### WHAT THIS TASK INVOLVES
Retyping all the entries exactly is the whole task.

### SOURCE DATA
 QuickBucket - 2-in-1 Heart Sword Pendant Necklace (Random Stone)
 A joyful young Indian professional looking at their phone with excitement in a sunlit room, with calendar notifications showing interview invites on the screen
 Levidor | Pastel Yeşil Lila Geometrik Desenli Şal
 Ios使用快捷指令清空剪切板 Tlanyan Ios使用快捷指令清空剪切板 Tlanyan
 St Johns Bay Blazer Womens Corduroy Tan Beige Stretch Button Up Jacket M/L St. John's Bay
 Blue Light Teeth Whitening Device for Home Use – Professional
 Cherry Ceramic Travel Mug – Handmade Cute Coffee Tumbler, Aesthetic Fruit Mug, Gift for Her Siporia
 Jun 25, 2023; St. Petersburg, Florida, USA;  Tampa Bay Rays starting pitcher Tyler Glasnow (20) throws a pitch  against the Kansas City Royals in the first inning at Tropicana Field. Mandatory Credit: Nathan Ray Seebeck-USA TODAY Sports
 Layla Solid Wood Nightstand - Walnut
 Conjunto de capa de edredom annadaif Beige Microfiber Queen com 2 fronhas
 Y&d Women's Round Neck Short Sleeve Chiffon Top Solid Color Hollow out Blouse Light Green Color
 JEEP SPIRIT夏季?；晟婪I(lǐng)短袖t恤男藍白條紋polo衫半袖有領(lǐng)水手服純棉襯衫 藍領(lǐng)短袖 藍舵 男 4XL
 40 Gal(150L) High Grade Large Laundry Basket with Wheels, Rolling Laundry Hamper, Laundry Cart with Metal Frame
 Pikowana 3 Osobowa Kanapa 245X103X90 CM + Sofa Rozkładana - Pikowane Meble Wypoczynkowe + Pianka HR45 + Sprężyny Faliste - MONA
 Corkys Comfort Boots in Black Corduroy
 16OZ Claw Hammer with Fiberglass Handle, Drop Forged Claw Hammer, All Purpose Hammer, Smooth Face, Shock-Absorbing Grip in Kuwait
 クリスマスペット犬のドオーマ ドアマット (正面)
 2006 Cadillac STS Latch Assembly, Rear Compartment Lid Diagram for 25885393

### EXERCISE ANSWER
 QuickBucket - 2-in-1 Heart Sword Pendant Necklace (Random Stone)
 A joyful young Indian professional looking at their phone with excitement in a sunlit room, with calendar notifications showing interview invites on the screen
 Levidor | Pastel Yeşil Lila Geometrik Desenli Şal
 Ios使用快捷指令清空剪切板 Tlanyan Ios使用快捷指令清空剪切板 Tlanyan
 St Johns Bay Blazer Womens Corduroy Tan Beige Stretch Button Up Jacket M/L St. John's Bay
 Blue Light Teeth Whitening Device for Home Use – Professional
 Cherry Ceramic Travel Mug – Handmade Cute Coffee Tumbler, Aesthetic Fruit Mug, Gift for Her Siporia
 Jun 25, 2023; St. Petersburg, Florida, USA;  Tampa Bay Rays starting pitcher Tyler Glasnow (20) throws a pitch  against the Kansas City Royals in the first inning at Tropicana Field. Mandatory Credit: Nathan Ray Seebeck-USA TODAY Sports
 Layla Solid Wood Nightstand - Walnut
 Conjunto de capa de edredom annadaif Beige Microfiber Queen com 2 fronhas
 Y&d Women's Round Neck Short Sleeve Chiffon Top Solid Color Hollow out Blouse Light Green Color
 JEEP SPIRIT夏季?；晟婪I(lǐng)短袖t恤男藍白條紋polo衫半袖有領(lǐng)水手服純棉襯衫 藍領(lǐng)短袖 藍舵 男 4XL
 40 Gal(150L) High Grade Large Laundry Basket with Wheels, Rolling Laundry Hamper, Laundry Cart with Metal Frame
 Pikowana 3 Osobowa Kanapa 245X103X90 CM + Sofa Rozkładana - Pikowane Meble Wypoczynkowe + Pianka HR45 + Sprężyny Faliste - MONA
 Corkys Comfort Boots in Black Corduroy
 16OZ Claw Hammer with Fiberglass Handle, Drop Forged Claw Hammer, All Purpose Hammer, Smooth Face, Shock-Absorbing Grip in Kuwait
 クリスマスペット犬のドオーマ ドアマット (正面)
 2006 Cadillac STS Latch Assembly, Rear Compartment Lid Diagram for 25885393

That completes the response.